The Department of English
Through the work of research, service, and teaching, The Department of English is committed to the premise that language and literature reflect and shape the world in which we live. Faculty members conduct ongoing research in an array of sub-fields and interdisciplinary contexts and contribute to academic conversations occurring among humanities scholars on national and international levels. The nationally renowned Writers Conference brings great authors and opportunities for literary discussion to the larger community. Teaching at a wide range of levels, from first-year writers to Ph.D. students, the Department demonstrates the pleasures and value of a liberal arts education by emphasizing critical and creative thinking, by helping students think thoughtfully about cultural diversity, and by teaching strong written communication skills. In the Department of English, students at all levels of the curriculum are prepared for lives of public citizenship as they learn to analyze texts within complex cultural situations, to write and to think rhetorically, and to engage with diverse perspectives.

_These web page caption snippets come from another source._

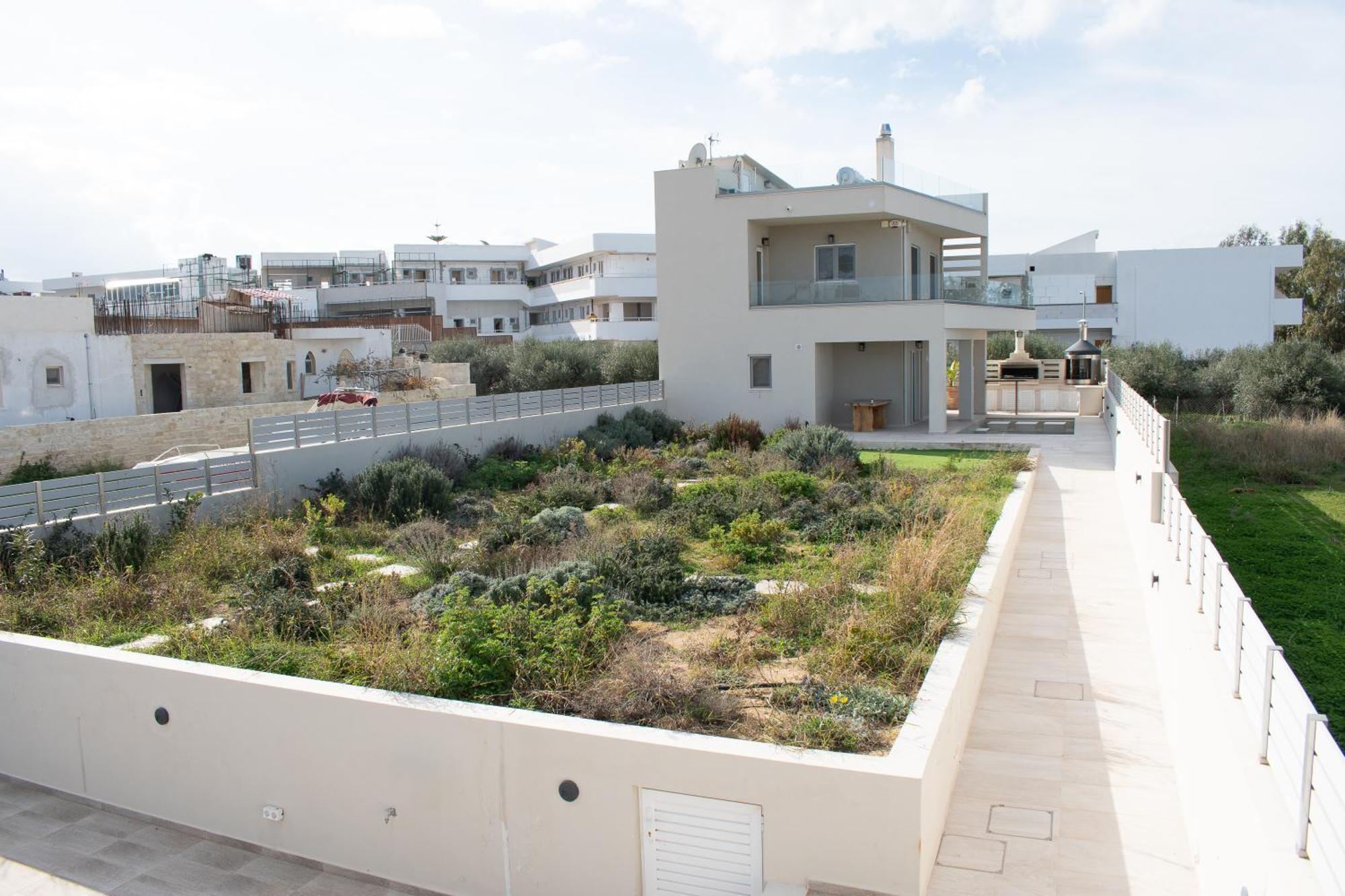 Villa Constantino With Heated Pool Kato Gouves Экстерьер фото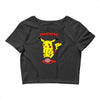 zombiechu Crop Top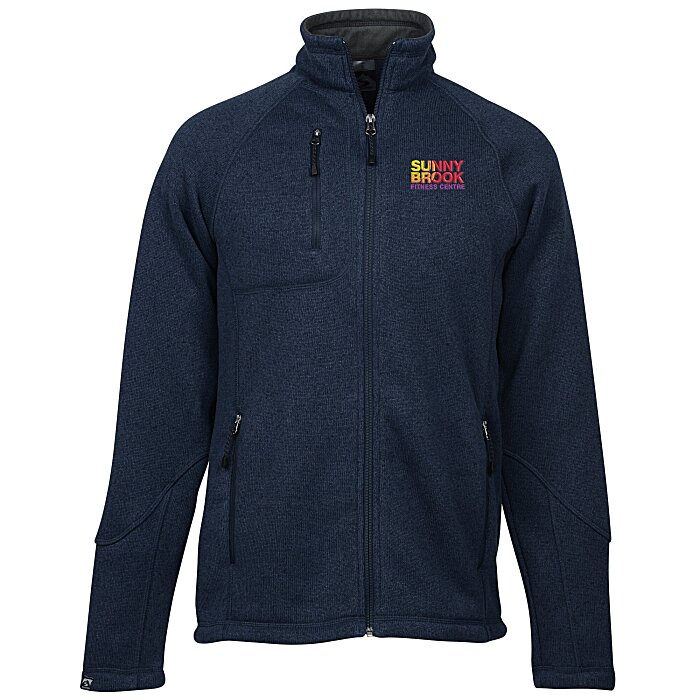 Custom Storm Creek Sweater Fleece Jacket - Men's
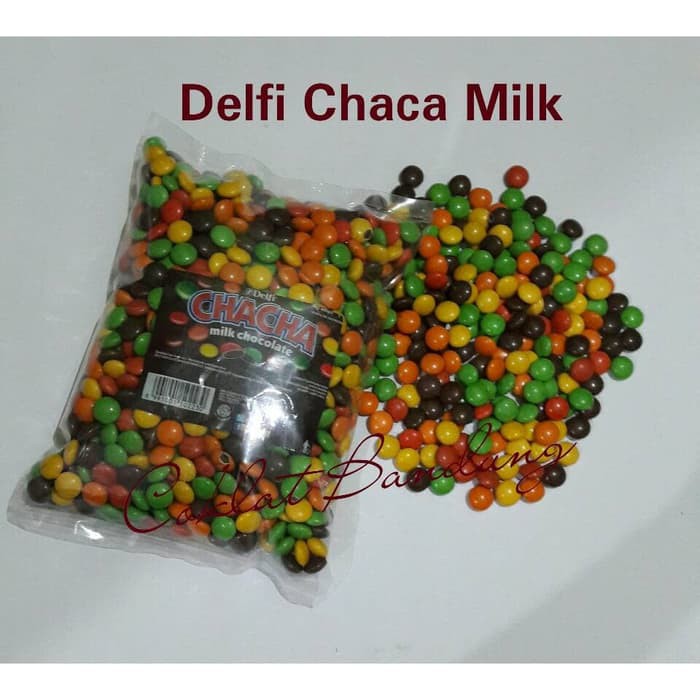 

Coklat Delfi Original chaca milk gepeng 1 kg promo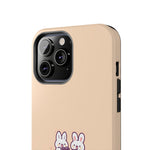 Load image into Gallery viewer, Tough Phone Cases - Rabbit play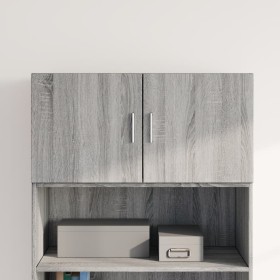 Armario de pared madera de ingeniería gris Sonoma 80x42,5x40 cm de , Aparadores - Ref: Foro24-846129, Precio: 63,82 €, Descue...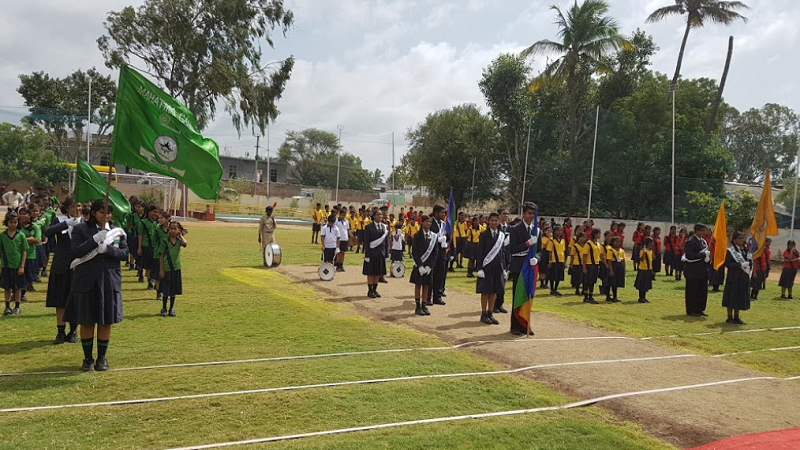 Zee High School - Dwarakamai Nagar Colony,Vanasthalipuram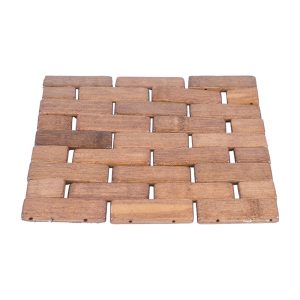 Suport pentru cratita BAMBOO, 18,5x18,5 cm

As long as any of us can remember, there has been an old parka in the glass case in Merrifield Hall, at the south end of the English Department. The little plaque reads: "This caribou coat, made by an Eskimo woman, was worn by Ben Eielson, an alumnus of the University of North Dakota and noted Arctic explorer, on his epochmaking flights in the north country (Produced and presented by the Blue Key Society)."
None of us still uses the term "Eskimo," and we are not sure who the Blue Key Society was, or why the parka is on display in Merrifield Hall, but forgive us for thinking that it sums up something about us--not just because, metonymically, it reminds us there is something north of Grand Forks (Winnipeg, Churchill, Hudson's Bay--indeed almost all of Canada is north of us). It also characterizes (metaphorically) the way we have evolved as a department, and the way we are sometimes a mystery to ourselves. The word "diversity" doesn't quite say it.
Our department is often characterized by particular specialties: a successful creative writing program and the Summer Institute of Linguistics. We are affiliated with two literary magazines: the North Dakota Quarterly, which is edited here, and Middle Eastern Literatures (formerly Edebiyât) , one of whose co-editors is on our faculty.